Let’s talk about large numbers, why don’t we?

Have you ever thought of what the largest number is? 7? 19? 21 perhaps? The computer scientists might smugly insist on 1 and a couple nerds out there will try to say 42 while laughing at themselves and thinking to themselves how clever they are for out-nerding the nerd writer writing about large numbers.

Some might claim, there is no largest number, but on the other hand do any numbers larger than the largest number you can say in your lifetime matter? Or any person could in principle have said in the lifetime of the universe? Saying out large numbers is a bit cumbersome. We can count hundreds, thousands, millions even. But then it gets iffy – what comes after a million? A billion? Only if you are of lower intelligence; us Europeans will claim we first have milliard, then a billion, billiard, trillion and so on. At some point we reach a googol and then a googolplex, and now our counting has turned into baby language, and are sure to reach fantasillion and britnillion along the way.

### The Largest Number You Can Write Down

How about, then, the largest number anybody could ever have written down? The universe is estimated to be roughly 14 billion years old; that’s roughly 14.000.000.000 years or 442.000.000.000.000.000 seconds. How large a number could we write down in that time? Well, it depends on how we write down numbers.

The simplest way to write numbers is just jotting down a line for each number. 1 = I, 2 = II, 3 = III and so on. Using this scheme, and assuming we can write down 1.000 lines a second (using our new patented number-writing machine devised solely to write down the largest number in the world), we would be able to write down the number 442.000.000.000.000.000.000. That’s pretty big, but doesn’t go a long way to describe how great I am or how many Zimbabwe dollars you need to pay to get a stamp.
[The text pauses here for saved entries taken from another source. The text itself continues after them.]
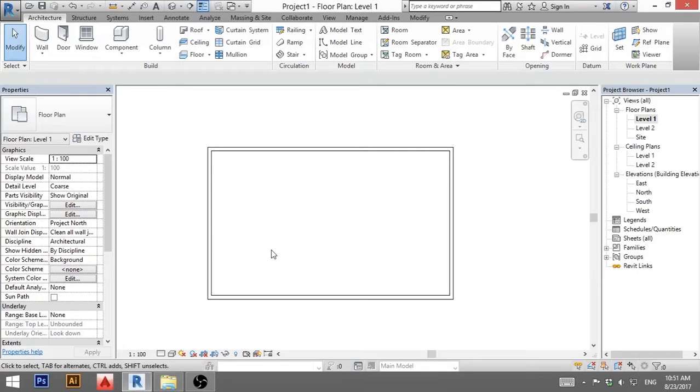Hello, this is the Balkan Architect and today I will show you how to create a functioning light family in Revit.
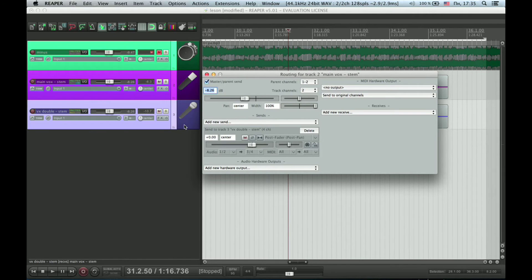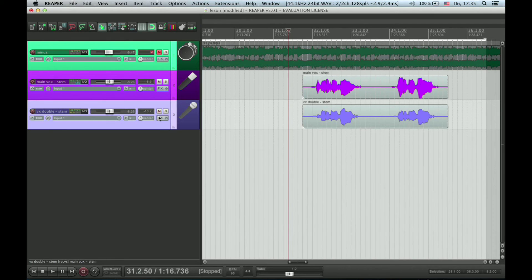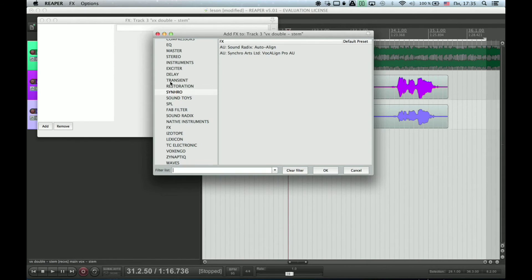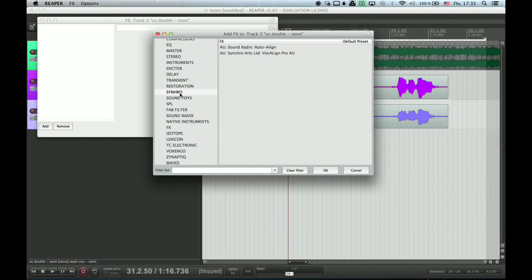You can make the same thing here. Next thing we need to do is to open VocalLine in the effects window of the double track.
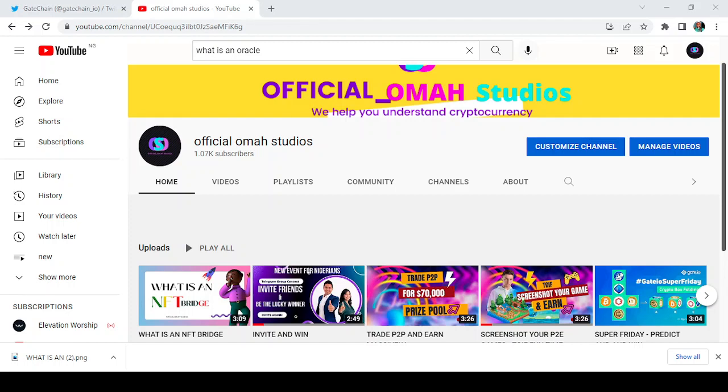Hello everybody and welcome back to my channel, Official Omah Studios, where we help you understand cryptocurrency. Today it is worthy of note that GateChain has officially launched the GateOracle.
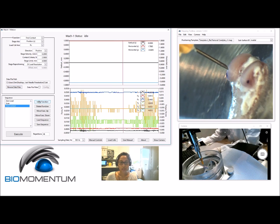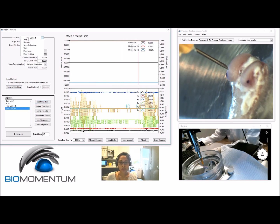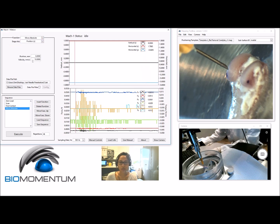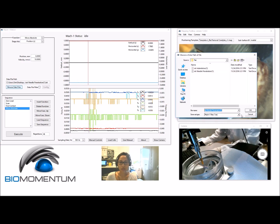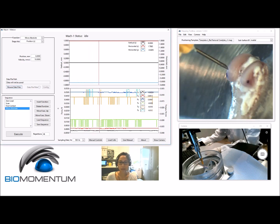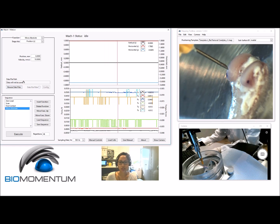Finally, add a move absolute function on the vertical axis in order to reposition the needle at 2 mm over the highest point of the surface. You do not need to save the data from the move absolute function.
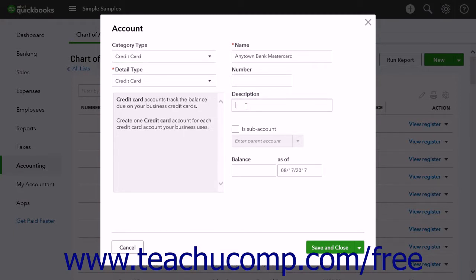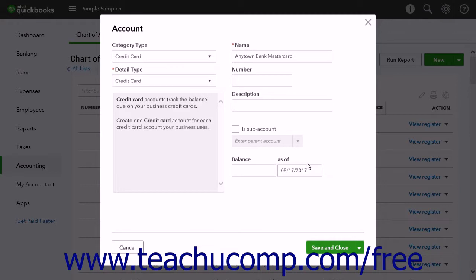If entering a credit card account that had a balance as of the date you started your QuickBooks Company file, then enter the balance of the card and the start date into the Balance and As of fields. When creating new accounts that have no activity, skip both the Balance and As of fields.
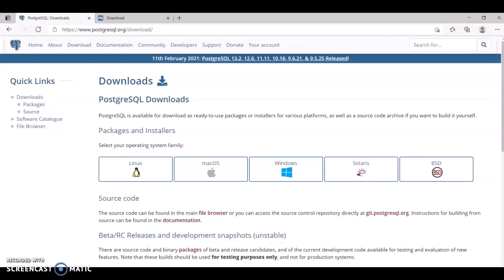Hi guys, welcome back to my channel. In this video we are going to see how we are going to use a database. We are going to connect Golang with the database and we'll be adding some data to it.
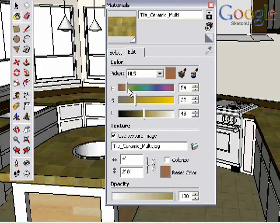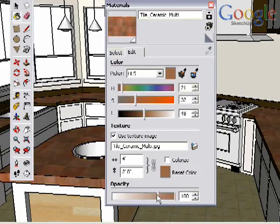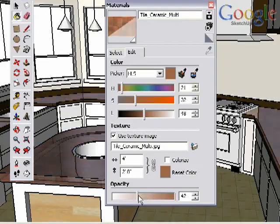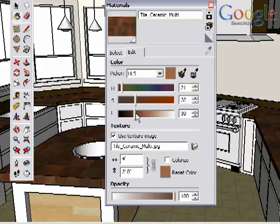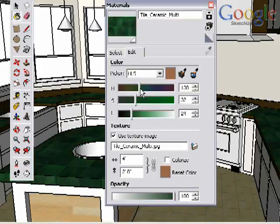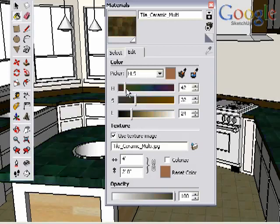Here you can change the color of the material, the opacity, texture image, and other settings as well. Notice that as you make changes to a material, these changes are seen in real time in your model.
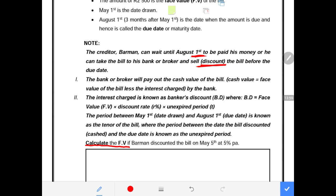We are now asked to calculate the cash value of the bill if B. Barman discounted the bill on the 5th of May at 5 percent. We need to calculate how many days were left before the due date of the bill from the discount date of the 5th of May up to the due date — this becomes our unexpired period, t.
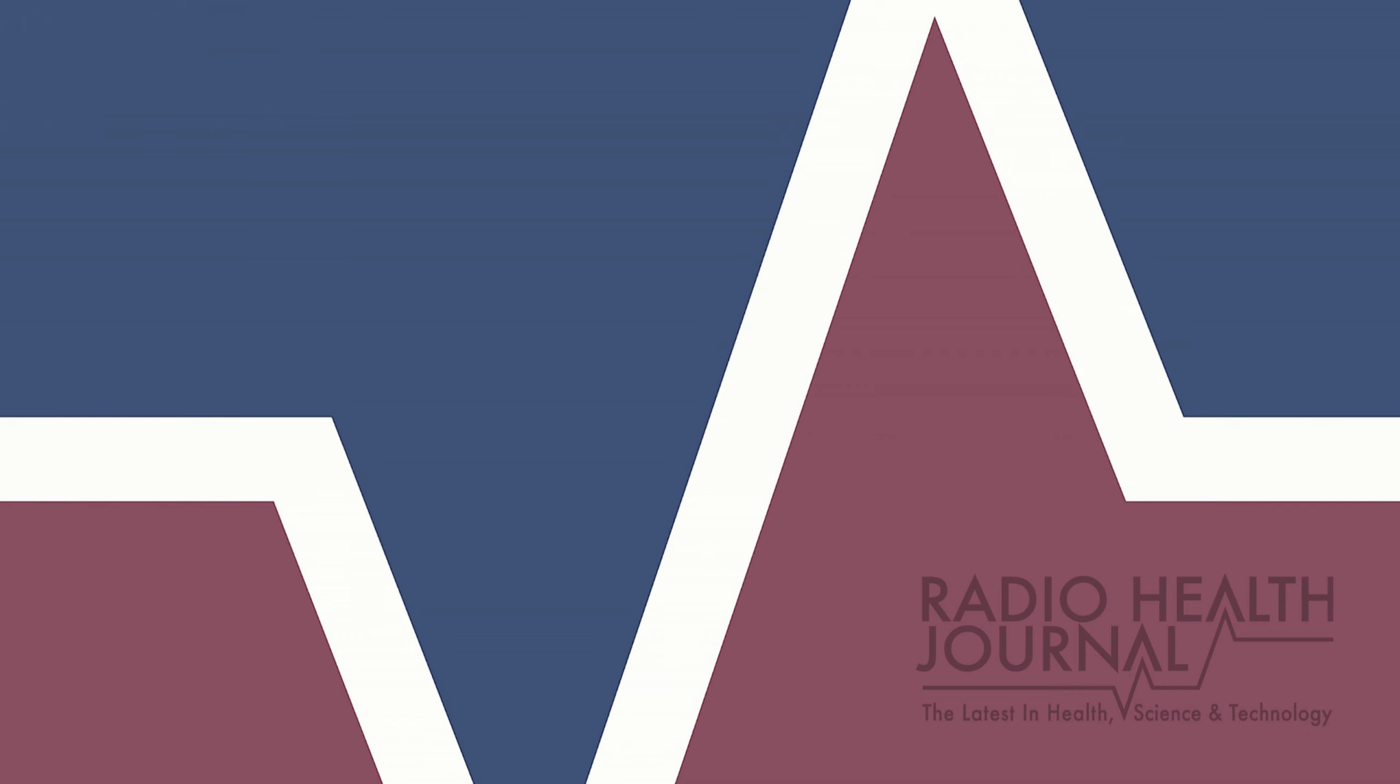You can find out more about this subject and all our guests on our website, RadioHealthJournal.org. Our studio producer is Jason Dickey. I'm Nancy Benson. Radio Health Journal returns in just a moment.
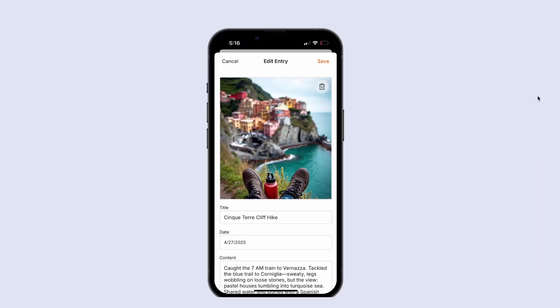This will be another short lesson where we fine tune some of the user experience around adding images. What we're doing here today is adding this little delete icon that's going to let a user delete an image that they've added to their diary entry.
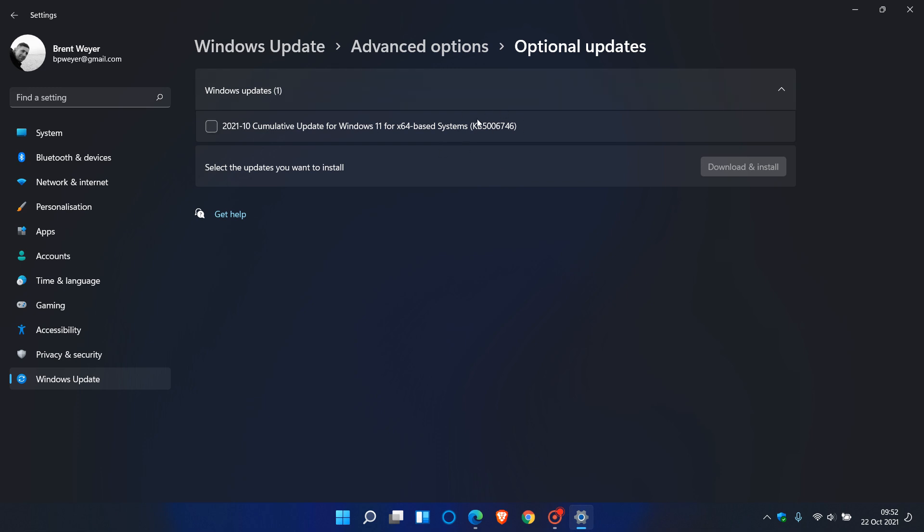And if you don't install this, a lot of the fixes will be carried over into the mandatory automatic Patch Tuesday cumulative update, which will roll out next month for Windows 11. Now, just to mention some of those fixes quickly.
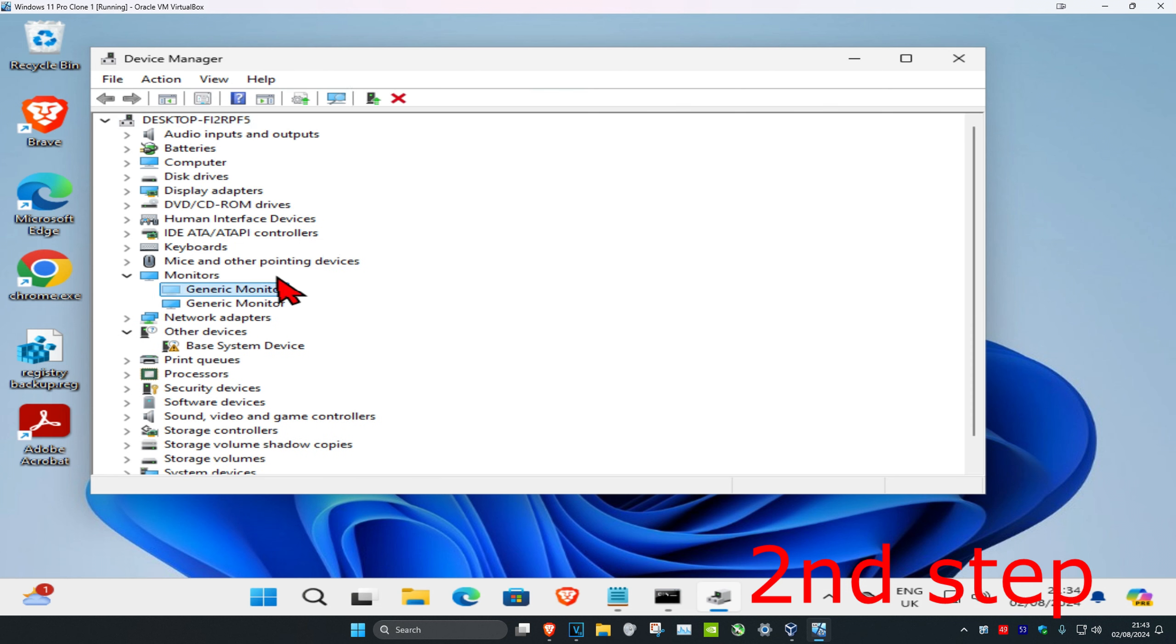Once you're on this, click on view and then click on show hidden devices. You can expand anything you want to check. In my case, for the monitor drivers, this one is not in use and it's not showing anymore. You can check for everything else to see which device drivers have been removed.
We can instead decide to group our lines, and once we reach, say, ten lines, we instead start counting groups. Then the number III IIIII would represent “3 groups of ten and 5” or 35. This gets tedious after a while, so after we reach ten groups of ten, we start counting groups of groups of ten. IIII II III is “4 groups of ten groups of ten, 2 groups of ten and 3” or 423. We can continue this trick, and we get to our normal numbering system. Now I can write down the number 442.000.000.000.000.000.000 in less time than the time it takes two virgins to have sex for the first time. As opposed to two virgins having sex for the second time. By being more smarter in my number writing techniques, I can write down the number 4.420.000.000.000.000.000.000 and outdo our mighty biggest-number-in-the-world-writing-machine by a factor of 10. You’re right; I *am* pretty great.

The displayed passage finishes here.